Mi abuelo paterno nació en la Villa de Icod de Tenerife, provincia de Canarias, y llegó a Venezuela para quedarse y hacer familia, en el año de 1929.
Se llamaba Pedro González, y tuvo un hijo, mi padre, Pedro González, un nieto (este
servidor) Pedro González, y un bisnieto, mi hijo, Pedro González.
Cuando supimos de esta “Ley de Nietos”, consideramos la posibilidad de optar por la
nacionalidad española, adicional a nuestra nacionalidad venezolana, de la cual estamos
orgullosos.
Acudimos al Consulado de España en Nueva Esparta, donde nos indicaron, sin dejarnos
entrar, pues todo es un protocolo y hay que solicitar cita telefónica primero, que los asuntos de la Ley de Nietos, sólo se atienden en Caracas.
A través de un correo electrónico facilitado por el Consulado, nos enviaron los requisitos,
cargados de una serie de trámites burocráticos, exigencias de originales, sellos húmedos,
apostillamientos, etc., que sumados, dan una cuantiosa suma de dólares que se debe invertir para tener los citados requisitos.
Lo que debería ser de fácil comprobación con unos pocos documentos, se convierte en un
tortuoso camino, cuando encontramos que hay registros donde extraviaron partidas de
nacimiento y hay que sacar datos filiatorios, y como todo está centralizado, quienes viven en la provincia deben invertir en traslados bastante onerosos.
Si intentas a través de algún conocido obtener los papeles, no se puede, porque debe ir uno mismo o un familiar directo, ah, pero un gestor que no es nada mío, sí puede, si le cancelas cifras astronómicas.
El asunto finalmente, resulta tan costoso, que se hace inaccesible. Planteamos esto al
Consulado de España en Caracas, donde sólo nos indican que estas normas son iguales para todos.

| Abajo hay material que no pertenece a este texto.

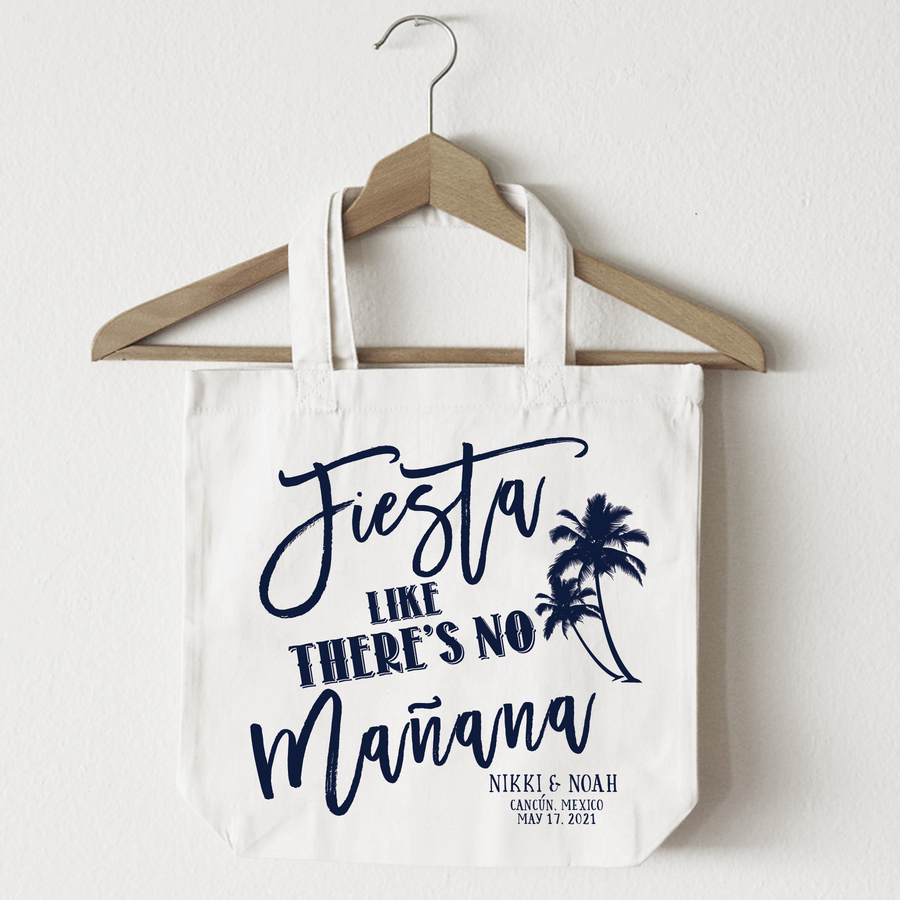 Fiesta Like There's No Mañana, Tote Bag Design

En efecto, las normas son las misma para todos, pero eso no es sinónimo de igualdad o
equidad, porque no todos pueden cumplir esas normas, sólo los que tienen grandes recursos económicos o una buena “palanca”.
En resumen, consideramos que la “Ley de Nietos” es discriminatoria, no hace justicia social, ni reivindica a aquellos españoles que tiempo atrás tuvieron que salir de su país. Las grandes trabas burocráticas se imponen ante la falta de voluntad de los funcionarios a cargo.